**What the task asks**
Please report every line in the entries that contains the string "thumbnail".

**Data listing**
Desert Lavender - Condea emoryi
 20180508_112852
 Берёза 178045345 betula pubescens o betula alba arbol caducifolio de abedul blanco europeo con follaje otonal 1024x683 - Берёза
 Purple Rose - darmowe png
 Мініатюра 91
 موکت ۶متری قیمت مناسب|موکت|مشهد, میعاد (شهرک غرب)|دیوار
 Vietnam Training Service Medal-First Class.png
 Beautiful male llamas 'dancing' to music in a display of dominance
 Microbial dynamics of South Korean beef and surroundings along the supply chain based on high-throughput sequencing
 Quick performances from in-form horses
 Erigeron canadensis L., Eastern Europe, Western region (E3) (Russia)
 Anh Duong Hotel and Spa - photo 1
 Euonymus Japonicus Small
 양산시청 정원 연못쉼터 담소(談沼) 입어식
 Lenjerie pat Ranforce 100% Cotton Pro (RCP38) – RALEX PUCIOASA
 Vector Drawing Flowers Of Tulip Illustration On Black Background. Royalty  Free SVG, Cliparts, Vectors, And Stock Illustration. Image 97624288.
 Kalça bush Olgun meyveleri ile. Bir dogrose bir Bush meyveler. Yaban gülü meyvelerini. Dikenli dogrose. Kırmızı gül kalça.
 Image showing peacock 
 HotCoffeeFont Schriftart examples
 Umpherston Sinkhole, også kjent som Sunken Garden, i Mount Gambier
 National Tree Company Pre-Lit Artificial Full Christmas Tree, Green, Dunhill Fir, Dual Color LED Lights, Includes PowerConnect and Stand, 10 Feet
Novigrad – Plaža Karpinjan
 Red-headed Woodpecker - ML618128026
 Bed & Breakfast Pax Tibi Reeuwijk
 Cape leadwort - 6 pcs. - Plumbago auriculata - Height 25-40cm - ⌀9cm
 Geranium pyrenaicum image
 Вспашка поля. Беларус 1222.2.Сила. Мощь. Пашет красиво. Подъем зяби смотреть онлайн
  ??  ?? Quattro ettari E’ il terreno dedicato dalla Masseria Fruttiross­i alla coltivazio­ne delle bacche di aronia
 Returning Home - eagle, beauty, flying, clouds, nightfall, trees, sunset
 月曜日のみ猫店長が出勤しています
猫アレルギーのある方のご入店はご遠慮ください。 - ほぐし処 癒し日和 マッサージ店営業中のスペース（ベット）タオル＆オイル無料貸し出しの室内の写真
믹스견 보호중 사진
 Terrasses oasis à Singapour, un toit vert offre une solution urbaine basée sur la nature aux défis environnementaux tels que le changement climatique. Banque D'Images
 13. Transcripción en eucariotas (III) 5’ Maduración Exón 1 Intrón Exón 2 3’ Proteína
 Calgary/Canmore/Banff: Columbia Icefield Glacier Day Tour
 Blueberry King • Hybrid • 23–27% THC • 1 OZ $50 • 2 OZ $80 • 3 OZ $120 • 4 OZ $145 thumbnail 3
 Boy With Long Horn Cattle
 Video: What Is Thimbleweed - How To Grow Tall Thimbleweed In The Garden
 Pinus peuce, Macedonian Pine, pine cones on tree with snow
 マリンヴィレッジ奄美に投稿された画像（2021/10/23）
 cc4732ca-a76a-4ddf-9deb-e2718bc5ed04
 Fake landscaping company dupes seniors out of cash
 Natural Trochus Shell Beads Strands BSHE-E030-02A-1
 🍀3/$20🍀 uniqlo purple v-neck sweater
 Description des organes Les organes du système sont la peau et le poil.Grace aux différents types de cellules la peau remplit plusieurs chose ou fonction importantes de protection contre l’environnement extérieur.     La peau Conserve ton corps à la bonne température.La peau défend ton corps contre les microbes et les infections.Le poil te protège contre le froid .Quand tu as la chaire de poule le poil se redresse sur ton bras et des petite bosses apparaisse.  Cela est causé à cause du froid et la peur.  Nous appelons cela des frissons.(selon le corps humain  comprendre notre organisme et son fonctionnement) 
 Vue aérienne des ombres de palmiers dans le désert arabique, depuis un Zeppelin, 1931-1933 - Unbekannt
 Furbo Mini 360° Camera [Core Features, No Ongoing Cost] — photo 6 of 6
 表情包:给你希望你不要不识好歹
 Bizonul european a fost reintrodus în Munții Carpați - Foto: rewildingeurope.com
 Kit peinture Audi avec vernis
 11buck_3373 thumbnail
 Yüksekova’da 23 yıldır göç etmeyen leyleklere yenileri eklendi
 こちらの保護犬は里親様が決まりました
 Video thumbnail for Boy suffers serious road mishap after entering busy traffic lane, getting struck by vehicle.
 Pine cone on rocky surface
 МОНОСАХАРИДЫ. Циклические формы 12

**Task answer**
 Blueberry King • Hybrid • 23–27% THC • 1 OZ $50 • 2 OZ $80 • 3 OZ $120 • 4 OZ $145 thumbnail 3
 11buck_3373 thumbnail
 Video thumbnail for Boy suffers serious road mishap after entering busy traffic lane, getting struck by vehicle.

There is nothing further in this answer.